Donner à voir ce qui dans la nature ne se voit pas, faire sentir l’harmonie des liens invisibles, telle était la volonté de Marinette Cueco qui vient de nous quitter.
Tantôt associée au land art, tantôt à l’arte povera, nul besoin pour cette artiste profondément attachée à sa terre corrézienne et davantage habituée au grand air qu’aux ateliers, de se revendiquer d’une école ou d’un mouvement.
Pour celle qui aimait tant marcher de longues heures sur les chemins de campagne, une branche, une feuille, une écorce prenaient forme sous le travail délicat et méticuleux de ses mains pour devenir une tapisserie, un tissage, un entrelacs.
Son enfance fut marquée par la guerre. Tandis que les divisions allemandes remontaient depuis la Provence jusqu’en Normandie, il fallait apprendre à se cacher et à rester discrète. Comme elle le confia plus tard, ne rien jeter, faire du neuf avec du vieux, vivre et créer sobrement devint sa philosophie.
Admise à l’école normale supérieure de Tulle, elle rencontre son futur époux, le peintre Henri Cueco. Ils formeront tous deux un merveilleux couple d’artistes, se conseillant et s’influençant mutuellement.
Devenue enseignante, elle se consacre avec amour pendant dix ans à l’éveil éducatif et artistique de ses élèves. Dans son esprit, voir un enfant réussir à lire produisait le même effet qu’observer patiemment une fleur s’ouvrir.
C’est alors à la faveur d’une série de ventes d’œuvres de son époux que Marinette Cueco peut à partir des années 1970 se consacrer pleinement à son art. Du plus petit brin d’herbe aux plus grandes lianes, elle rendait à chaque forme, à chaque élément naturel sa sensibilité. Chez elle ni pots de peintures ni pinceaux mais des végétaux et des minéraux avec lesquels elle était en symbiose.
Ses créations attirent les regards et lui valent une première exposition dès 1986 au musée d’Art Moderne de Paris. Par la suite ses œuvres ne cesseront de susciter l’admiration. Deux grandes rétrospectives de son œuvre lui furent récemment consacrées, au LAAC de Dunkerque et au musée de l’Hospice Saint-Roch à Issoulin.

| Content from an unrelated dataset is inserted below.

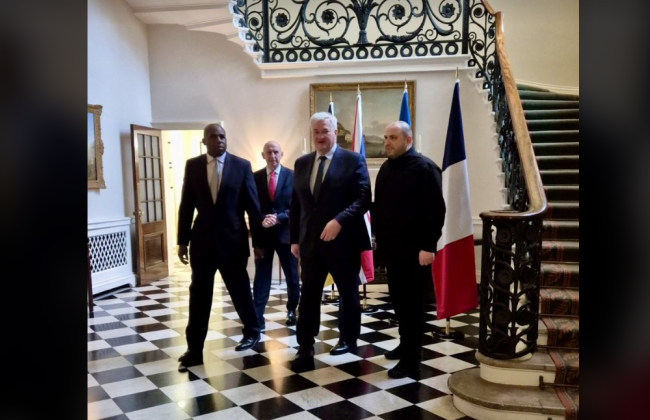 Андрей Сибига проведет двустороннюю встречу с британским коллегой Дэвидом Лемми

La nature était pour elle un long poème ininterrompu qu’il s’agissait de révéler. C’est à ce merveilleux travail qu’elle aura consacré toute sa vie en tissant une œuvre unique et inclassable.
« Pour moi, le plus important est de scruter la nature pour y voir le plus simple et le moins perceptible » disait Marinette Cueco. Avec discrétion, mais aussi avec obstination, elle n’aura eu de cesse de révéler la beauté cachée dans l’air et sous nos pieds, et sa fragilité. Une vision et une attention au vivant dont on mesure aujourd’hui de façon grandissante la dimension prophétique.
J’adresse à sa famille et à ses proches mes plus sincères condoléances.